One highlight of my early days back in KY following grad school was gathering on Friday nights with college friends at Thomas’s house. We mostly played games, drank lots of Coca-Cola, inhaled first- and/or second-hand cigarette smoke, and listened to music. I didn’t drop by every week, and probably attended less often once I moved to Georgetown at the very end of 93, but it was always fun to hang out there.

In the fall of 93, Tonya, Thomas’s girlfriend at the time, plopped a disk from a new and unfamiliar artist into the player. She was definitely proselytizing on the album’s behalf, but I had to admit that, after several plays through, there was a wide and interesting range of pretty good songs on it. And so I became an early (but not nearly so early as Tonya) adopter of Sheryl Crow’s Tuesday Night Music Club. “Leaving Las Vegas” and the fun, loopy “All I Wanna Do” made it to mix tapes before the latter song (and Sheryl’s career) blew up in the fall of 94.

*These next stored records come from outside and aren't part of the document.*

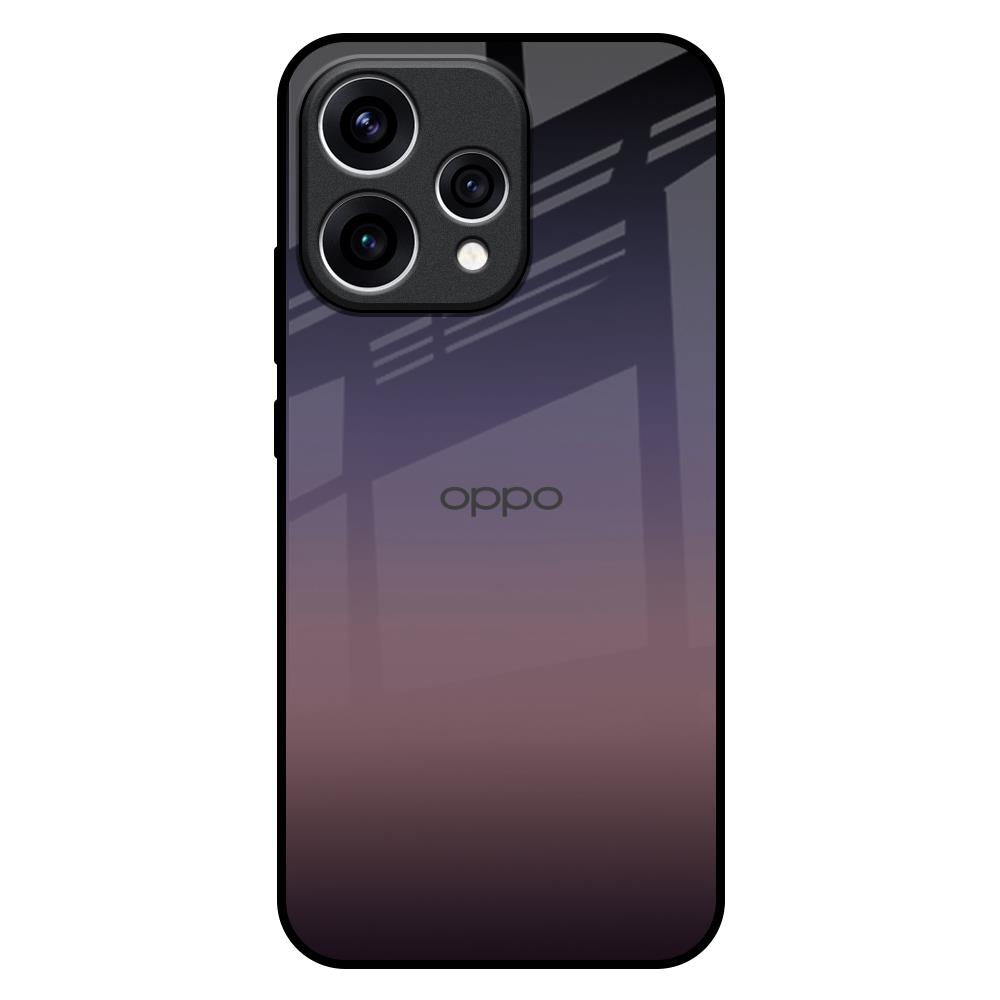 Grey Ombre Oppo Reno15 5G Glass Back Cover Online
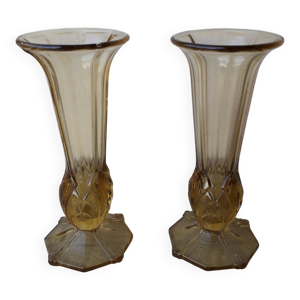Paire de vases Art Déco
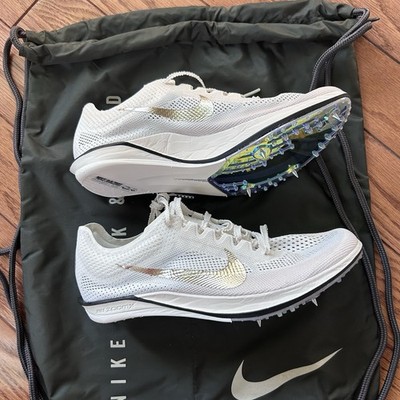 Nike ZoomX Dragonfly 2 Elite JI - Size 10.5 - Running Spikes Sail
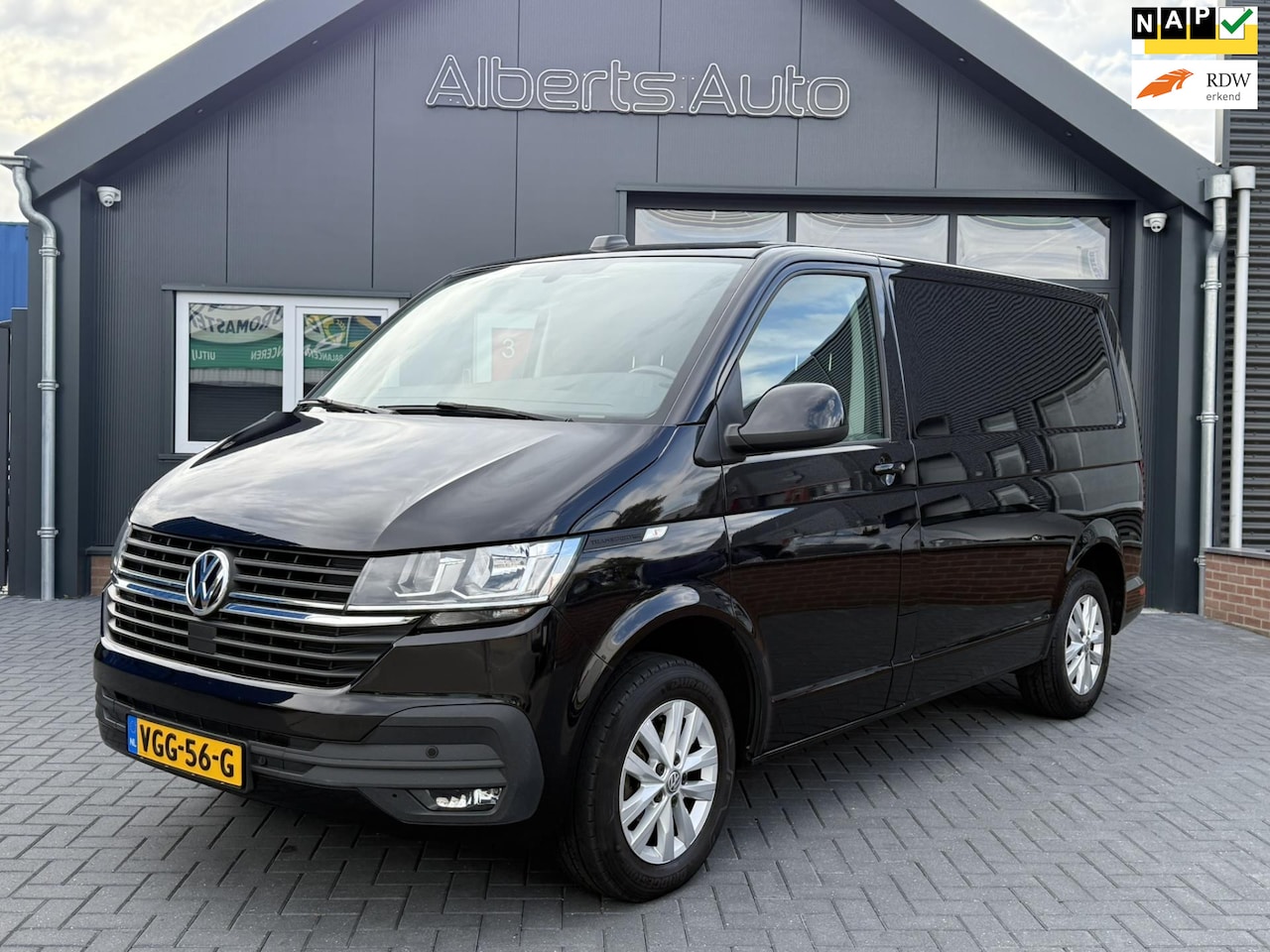 Volkswagen Transporter - T6.1 2.0 TDI 28 Highline | AUTOMAAT | NAVI | ZEER MOOI - AutoWereld.nl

(An aside: I like “Leaving Las Vegas” just fine, but hearing it always makes me think of seeing Shawn Colvin at Bogart’s in Cincinnati in the summer of 95—maybe the first concert I saw with Martha. Colvin did a really funny bit mid-show, noting the similarity in chord progressions among several then-recent songs released by women, including “LLV” and Jill Sobule’s “I Kissed a Girl.”)

In the following years, I picked up Sheryl Crow and The Globe Sessions. “My Favorite Mistake” contains what I think is her finest musical moment, that resolution about three minutes in, right after she sings, “…it’s your laughter, won’t let me go, so I’m holding on this way” (there are hints of it earlier in the song, too). I really liked “If It Makes You Happy” and “A Change” back in the day (and still do to a reasonable extent), but I don’t think their lyrics have worn well over time—she’s trying to be clever but in the end comes across simply as smartass. On the other hand, that eponymous release does have the tune of hers I like best, “Everyday Is a Winding Road.” The lines about being “a stranger in my own life” and “wondering if all the things I’ve seen were ever real” ring true and feel, well, real. I hadn’t realized until putting this together that Neil Finn is singing backup here, but I believe I can tell it’s him on the chorus.  Cool video, too.